Stored entries
╔══
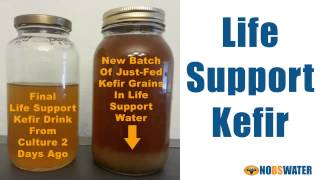 Probiotics Are Easy Using Water Kefir Grains  Life Support Kefir [upl. by Llednik]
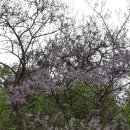 남악사지 이미지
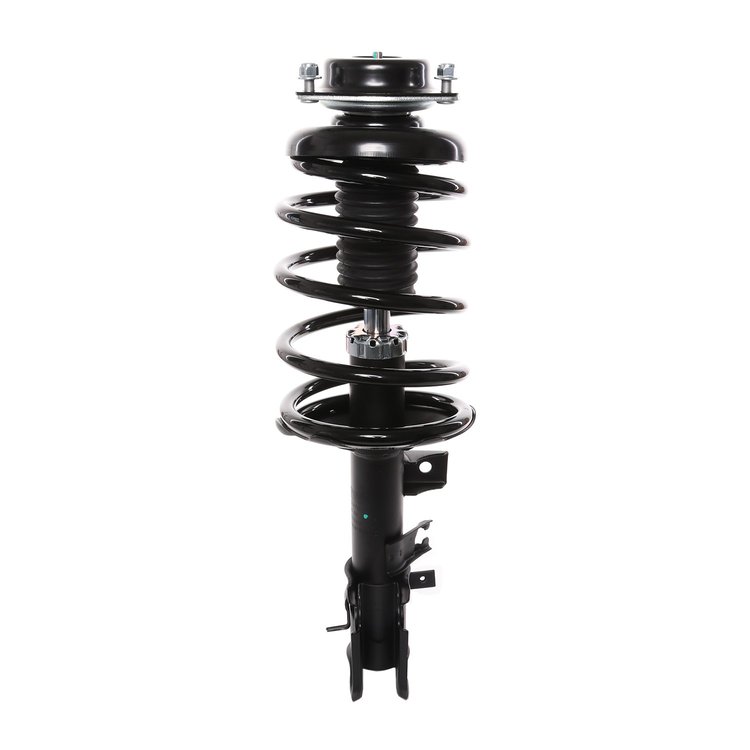 Strut Assembly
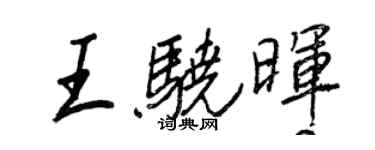 王正良王驍暉行書個性簽名怎么寫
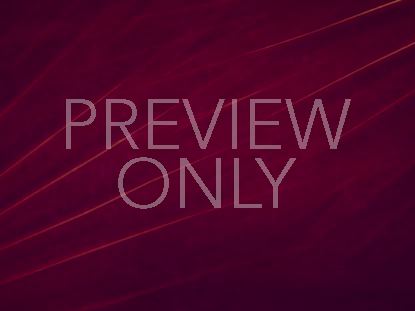 RADIANT PALMS STILL 5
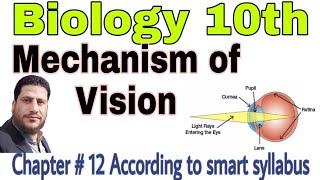 Class 10th Biology Mechanism of vision [upl. by Enelyam160]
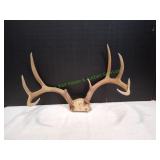 9-Point Antler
╚══
- Task prompt -
Exact lines, nothing more: output the one with "Strut Assembly" and every later line through the end of the data, skipping pictures.

- Answer box -
 Strut Assembly
 王正良王驍暉行書個性簽名怎么寫
 RADIANT PALMS STILL 5
 Class 10th Biology Mechanism of vision [upl. by Enelyam160]
 9-Point Antler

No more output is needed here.